I used stainless steel fishing tackle wire, the kind you use in making spinner baits and stuff....
getting the tension uniform is done by a process called "tuning the block" it is a wee bit time consuming, but it is recommended, whether you use this method, or the through hole method.
those blocks where designed in the good old days of slockets and K6-2 CPU's, where the 6tab socket-A's just started to role off of production, I had to provide for both. using all 6 is not required at all, the corners is way more than enough....
those red and black wires are the electric leads of two 172W peltiers, one in each block...
heheh ya, those hard drive blocks are something else, they sure way a ton, (almost)
for the Block
I am actually bargaining on the water doing exactly just that, Taking the shortest path across....... Why, because the faster I can get each molecule to get in close proximity to the hot sides or pins in the block, and then the hell outa there, the faster a fresh cool molecule can come in after it... I also use a design principle I call VDFC.
leaking at the seam, that problem gets solved by having 2 bolts on either side of where the barbs go, to insure mechanical rigidity, also that I thread the barb holes a tad bit deeper, than usual, and then, by using Teflon tape, one do not need to have as much torque on them while still getting the perfect seal....
I have some custom made brackets, enabling the block, or rather, the drive, to be mounted on the block, I do not remove anything from the drive, nether do I use any paste, It is really not necessary, a hard drive do not produce it's heat fast enough to warrant such measures. The sheer size of the transfer junction, even with no thermal compound, is way more than enough to do a perfect job at cooling the drive....
the sides of the drive is good.... yes, but you then need to have two blocks, to insure, thermal uniformity.

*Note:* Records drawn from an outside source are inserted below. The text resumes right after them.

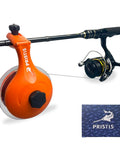 Fishing Line Winder And Reel Spooler Kit With Unwinding System attached to rod with spinning reel and carrying case visible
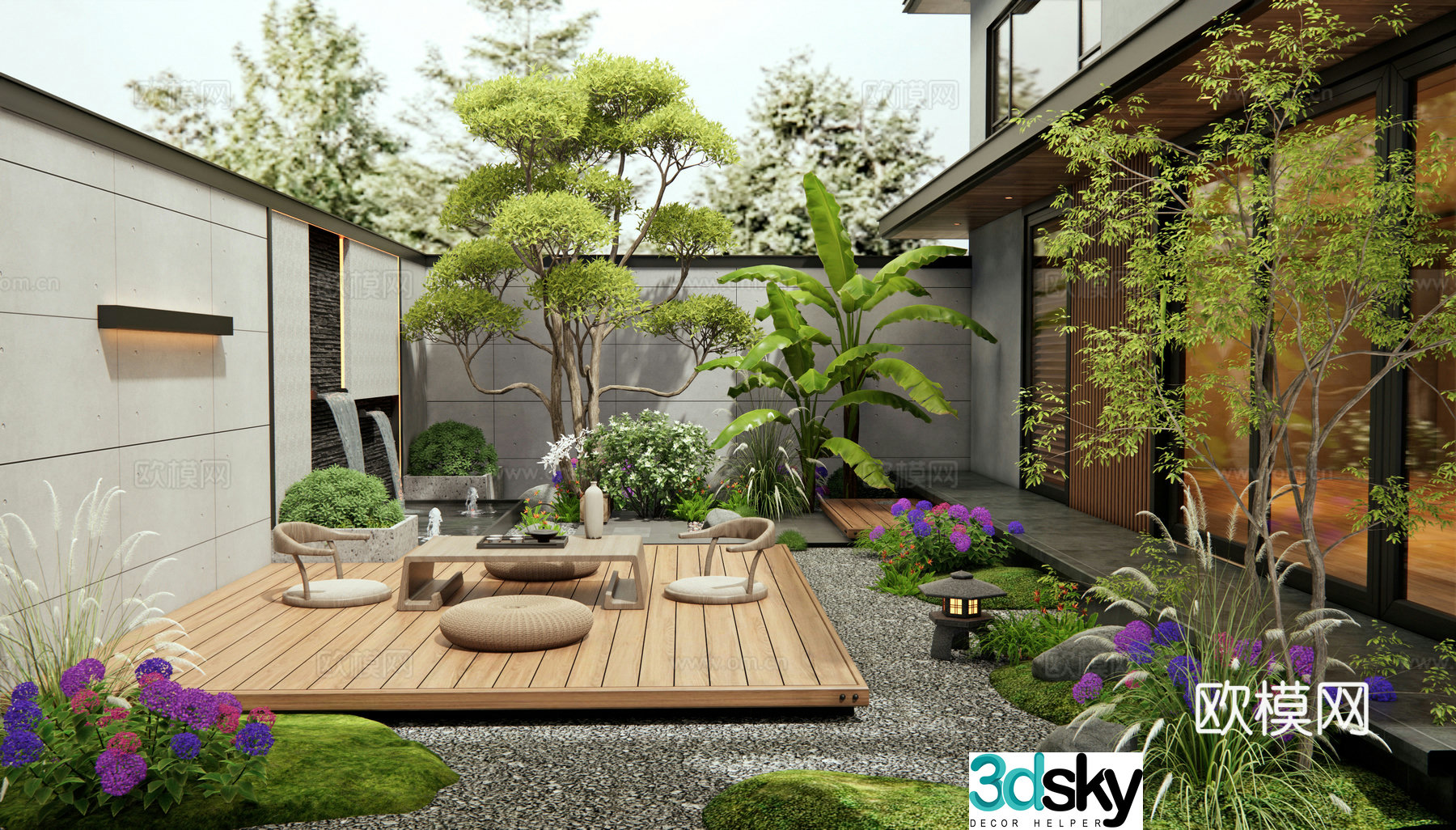 Modern villa courtyard landscape waterscape plant landscaping flowers and plants landscape trees plant landscape 3d model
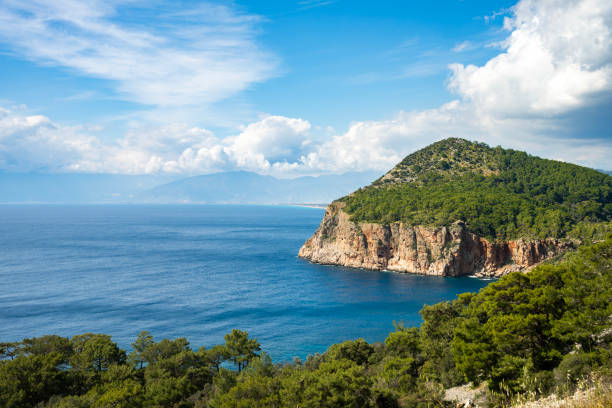 background with forest and nature view on the cliffs. .  nature hiking trail trail walking path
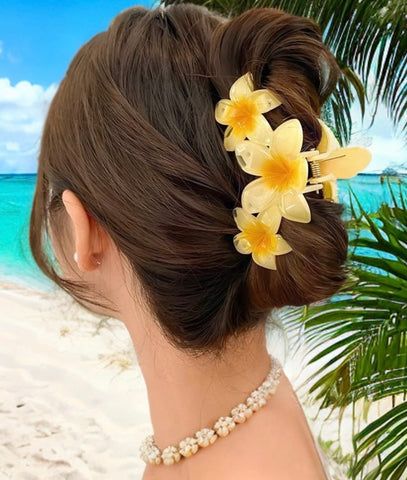 Pince à cheveux Tipanier – Triple fleur élégante
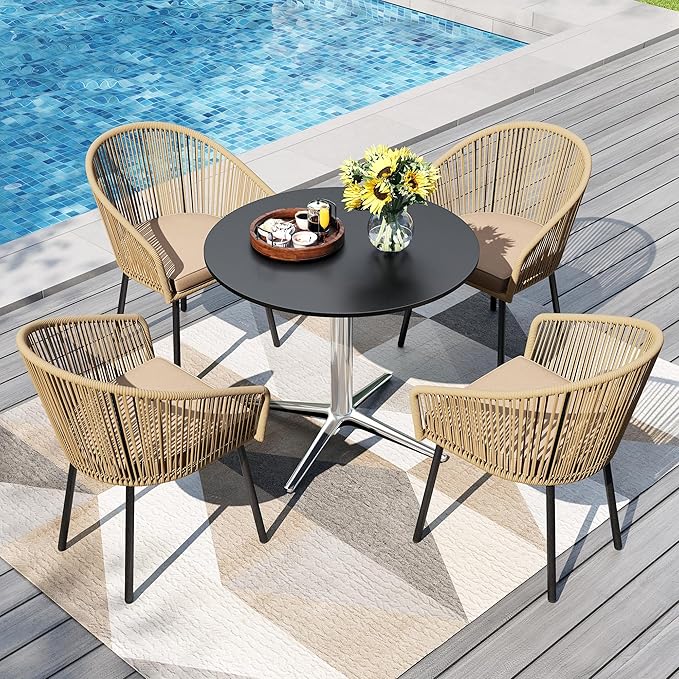 PHI VILLA 5 Pieces Outdoor Small Dining Set for 4, 30" Round Metal Pedestal Table with & Brown Wicker Chairs with Cushions, Modern Outside Dining Bistro Furniture for Patio, Deck, Backyard, Porch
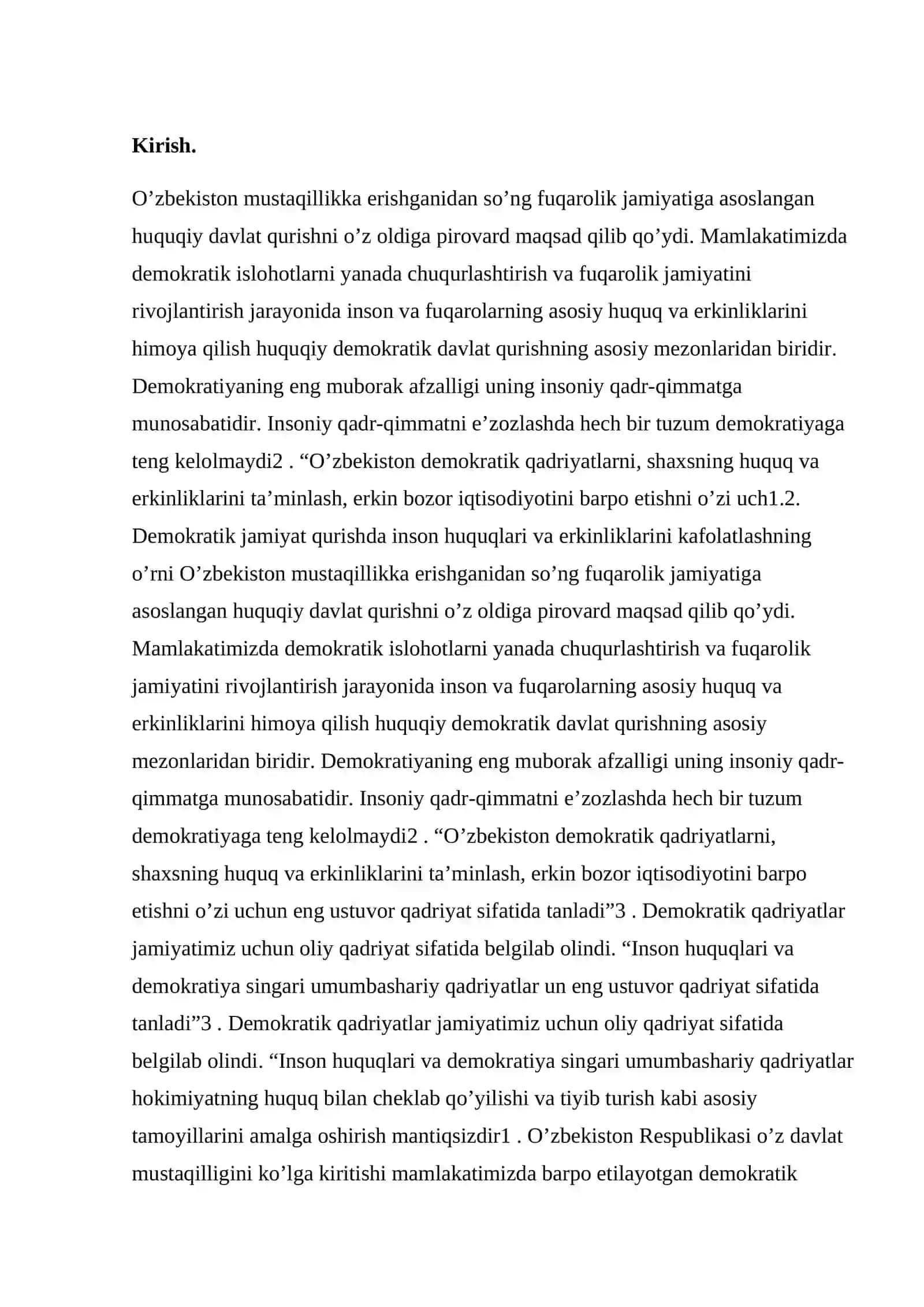 O`zbekistonda inson huquqlari va erkinliklari kafolatining yaratilishi 4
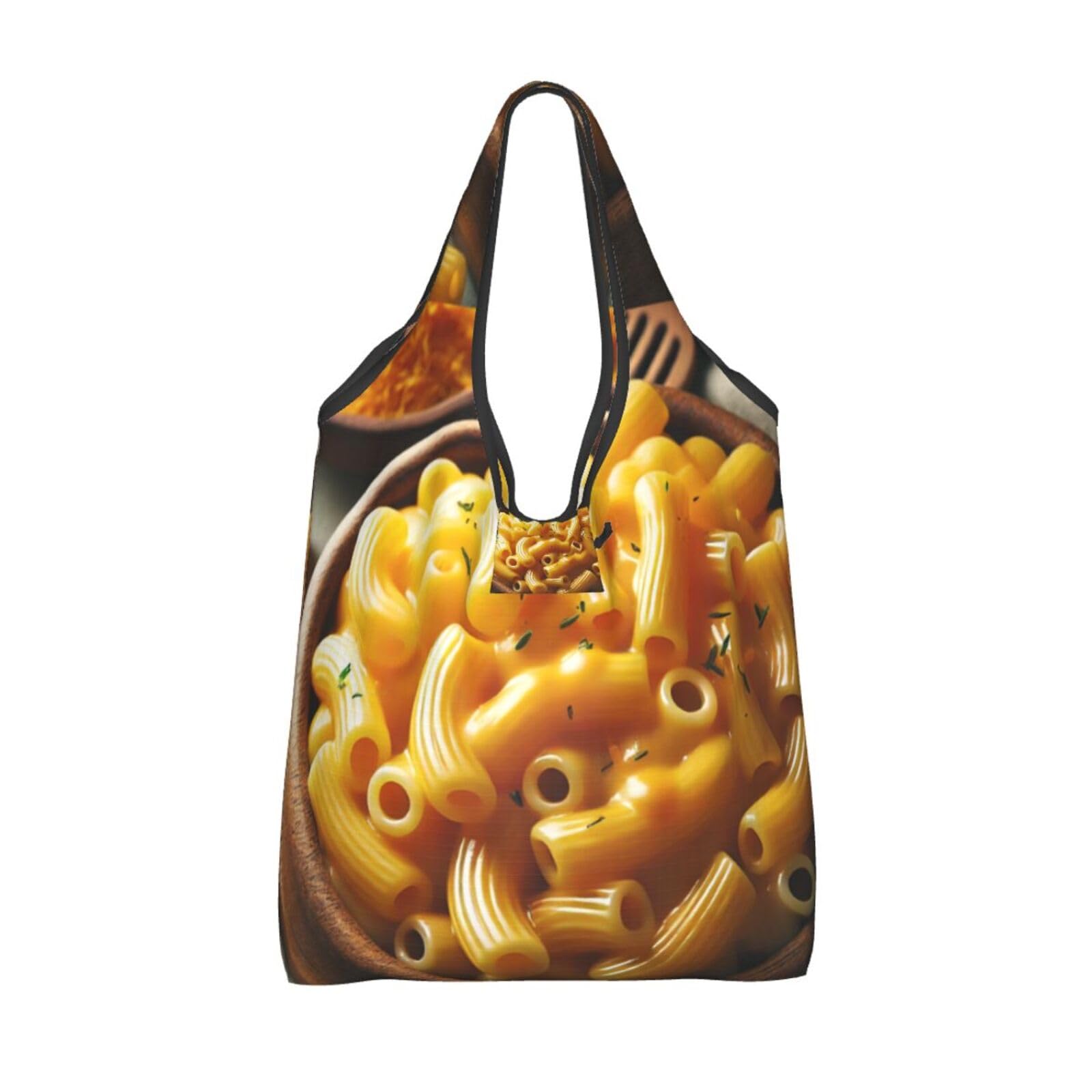 Vortithora Foldable Macaroni-Cheese-Sauce Reusable Grocery Shopping Bag, Waterproof Shopping Tote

I prefer the top, remember that the insides of the drive, still get cooled by the air that circulate while it is spinning, and the top plate is as good as one can hope for, to get to that air. But to be honest, you can even just slap your maze block on it as is, anywhere you can find a flat spot.... you will be amazed at how much of a difference it will make.....
The only reasons I make my HD-blocks that big, is so I can fit two drives to one block, and for mounting purposes, the block is treated like just another drive, even has the holes tapped to the same spec as those in a drive itself, makes installation a breeze.